The SANBI Ball Agreement: Horticultural Development of South Africa’s Indigenous Flora

The diversity of South Africa’s indigenous flora has made a major contribution to international horticulture. At the same time, South Africa presently imports millions of bulbs, seeds and cuttings from Europe and North America. In this way, it pays royalties to foreign companies for some products that were originally derived from South African indigenous flora. The Research and Licence Agreement between the then National Botanical Institute (NBI) now the South African National Biodiversity Institute (SANBI), South Africa, and the Ball Horticultural Company, USA, which came into operation in August 1999, was the first north-south bioprospecting agreement in the horticultural and floricultural sector.

The detailed and complex agreement stipulates the mutual rights and obligations of the two parties including clauses about research fees and services, confidentiality, security against unauthorized access to the plant material before its commercialization, Intellectual Property Rights (IPR), profit-sharing, technology transfer, breach and termination of contract, and warranties. Although the agreement was limited to an initial period of five years, there was an option for renewal. Small samples of South African genetic resources supplied by SANBI are evaluated for traits of possible utility in the ornamental horticultural market. If such traits are found the germplasm is used in breeding programmes in the hope of developing products for the ornamental horticulture market. The SANBI Ball Agreement specifically restricts the use and development of South African genetic resources to ornamental horticultural uses.

In 2002/03 four Jamesbrittenia hybrids i.e. ‘Breeze Indigo’, ‘Breeze Lavendar’, ‘Breeze Pink’ and ‘Breeze Upright White’ and a Plectranthus hybrid ‘Mona Lavendar’ that was bred at Kirstenbosch, were released.
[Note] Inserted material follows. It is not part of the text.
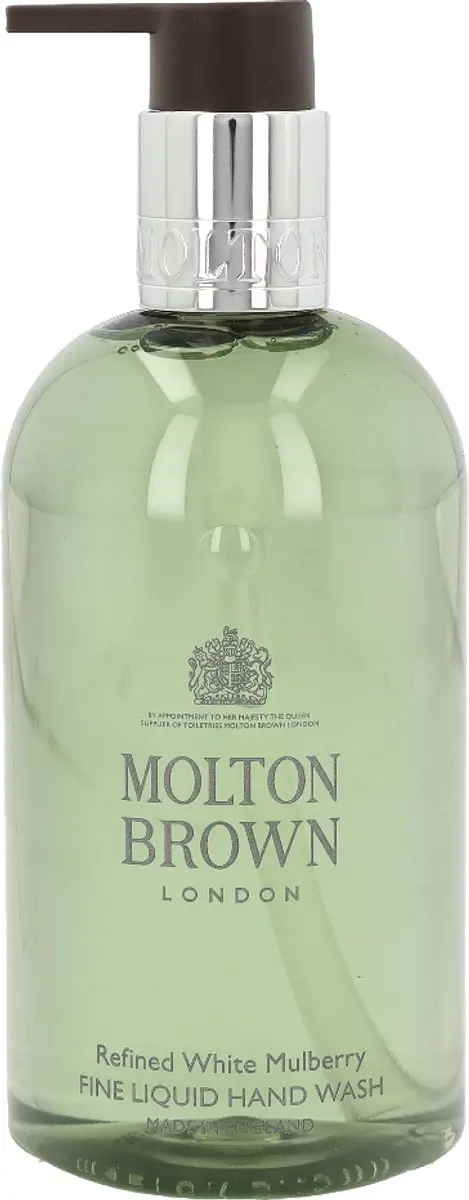 Molton Brown Refined White Mulberry & Thyme Handzeep 300ml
In 2003/04 an additional Jamesbrittenia hybrid ‘Breeze Upright Lavendar’ and in 2004/05 a form of Arctotis arctoides, Lemon drop were also released. During the first phase of this project, six young horticulturists from SANBI participated in 3-month internships at Ball in Chicago.
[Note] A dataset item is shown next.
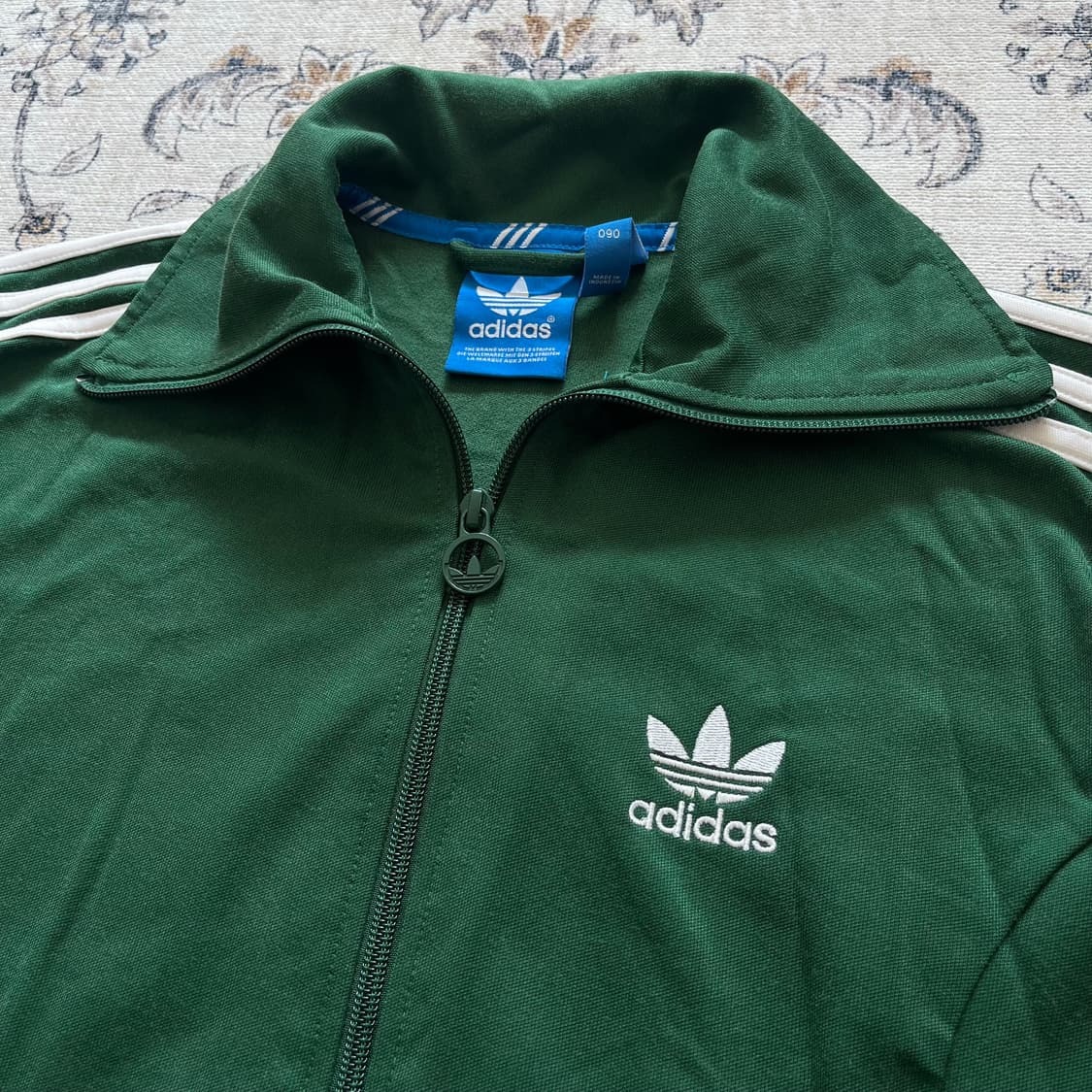 아디다스 유로파 트랙탑 져지 상품이미지2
In September 2004 the National Environmental Management: Biodiversity Act was passed. Chapter 6 of the Act requires that an export permit be obtained to export South African indigenous plant material. Prior to the granting of the permit, a Material Transfer Agreement and a Benefit-Sharing Agreement needs to be negotiated and approved. The Regulations to implement the requirements of this Chapter are currently being developed and it is assumed that these regulations will have some implications for this project. In the light of this, the Minister of Environmental Affairs and Tourism has authorized the extension of the existing agreement until the end of August 2006 to allow for the Agreement to be re-negotiated to accommodate the requirements of the regulations.